İktidara gelmek için büyük plânlar yapan küçük derin azınlık, 1990 yılından
itibaren ülkeyi “istikrarsızlaştırmak” için yeniden düğmeye basmıştı. Darbeye
giden yolun altın anahtarı, “ülkenin yönetilemez hâle getirilmesiydi”.

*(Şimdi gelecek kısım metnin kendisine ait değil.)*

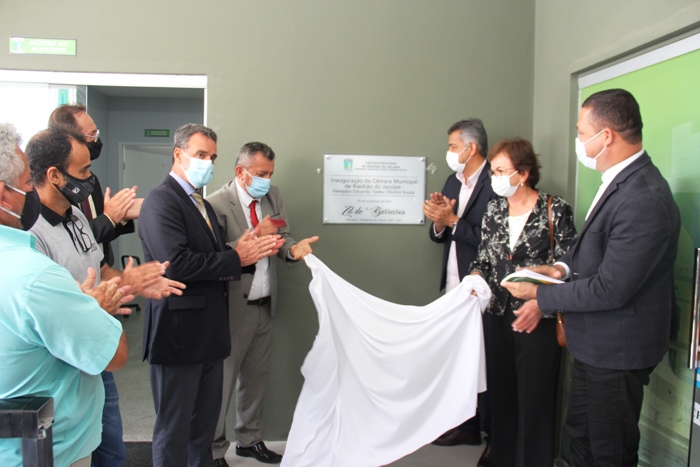 Presidente da Câmara Municipal de Riachão do Jacuípe inaugura ampliação da casa legislativa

Cumhurbaşkanı Özal’ın 17 Nisan’da suikastla öldürülmesinin ardından, derin
odaklar bu kez 2 Temmuz 1993’te, Maraş ve Çorum Olaylarının yeni bir
uygulamasını sahneye koydular. Sivas’ta düzenlenen Pir Sultan Abdal Şenlikleri,
onlar için biçilmiş kaftandı. Program için Sivas’a giden ve Madımak Oteli’nde
kalan sanatçı ve organizatörler burada saldırıya uğradılar. Kaldıkları otel
yakıldı. Otelden çıkamayan 37 kişi dumandan boğularak öldü. (“Oteldekiler diri
diri yakıldı” söylemi, derin odakların seçtikleri bir propaganda işaretiydi.) O
tarihte 78 yaşında olan Aziz Nesin, ateşe verilen otel binasından, itfaiye
merdiveninden aşağıya inerek kurtuldu.
O günlerde Sivas’ta asker olarak görev yapan Markar Eseyan’ın anlatımına
göre, Türk tarihine kara bir leke olarak geçecek olay, 2 Temmuz 1993 günü, saat
13:30’da başlıyor. 13:45’te Vali, Tugay Komutanından olaylara müdahale etmesini
istiyor. Vali durumu hemen Başbakan ve İçişleri Bakanı’na da bildiriyor. (O
sırada DYP-SHP iktidarı hâkimdi. İçişleri Bakanı, DYP’li Mehmet Gazioğlu idi. Mehmet
Gazioğlu’nun olaydan bir hafta önce bu göreve getirilmesi, tertibin bir başka parçasıydı.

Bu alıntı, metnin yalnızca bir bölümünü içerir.